The Synodal Assembly is one segment of the synodal path, which the German bishops agreed to stage at their annual meeting last March.
The Synodal Assembly will include 230 members. It is the highest decision-making body of the synodal path, an effort by the bishops’ conference and lay Central Committee of German Catholics to restore trust following a September 2018 church-commissioned report that detailed thousands of cases of sexual abuse by Catholic clergy over six decades.
Comments will continue to be accepted through Jan. 23 at the website of the German bishops’ conference. The bishops and the lay group are collaborating in planning the Synodal Assembly. During a September plenary meeting, the bishops approved statutes to guide discussions at the assembly.
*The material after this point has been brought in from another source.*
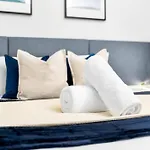 Chic City Centre Apartment - China Town - Balcony - Parking - Wifi - Netflix - 43A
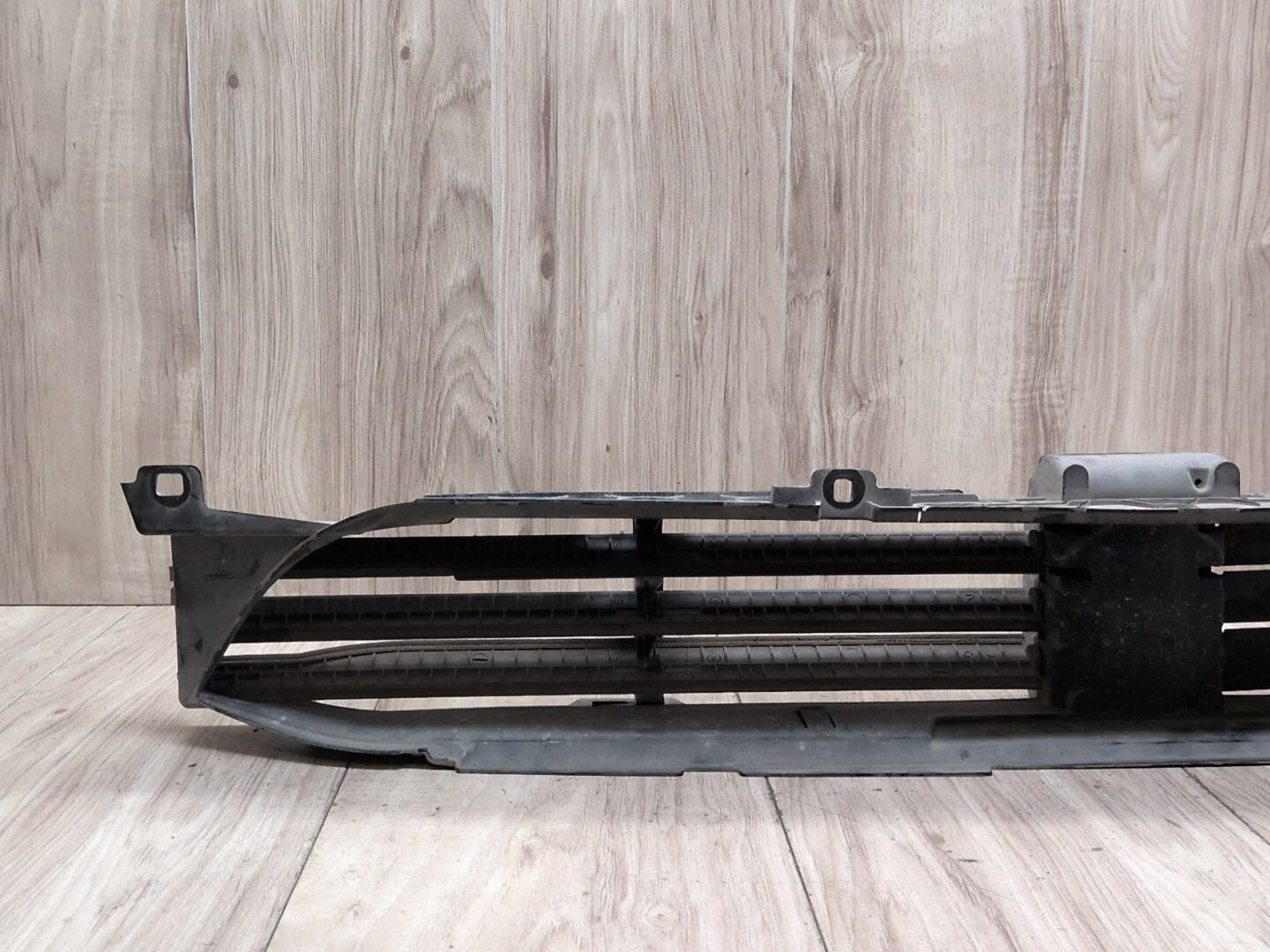 2018-2024 BMW X3 G01 Front Lower Bumper Radiator Air Flap Shutter 7497231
The bishops’ conference and the committee each will send 69 members to the assembly. Decisions of the assembly must be passed by a double two-thirds majority: two-thirds of all participants as well as two-thirds of all members present from the bishops’ conference.
German church officials say the Synodal Assembly is not meant to be a Synod in the classic sense.
In describing the synodal path, KNA reported that the inclusion of the term synodal in the name of the reform process reflects that the dialogue, initially limited to two years, is more than a nonbinding conversation. As with a Synod, each respective local bishop will determine whether the decisions reached will be implemented.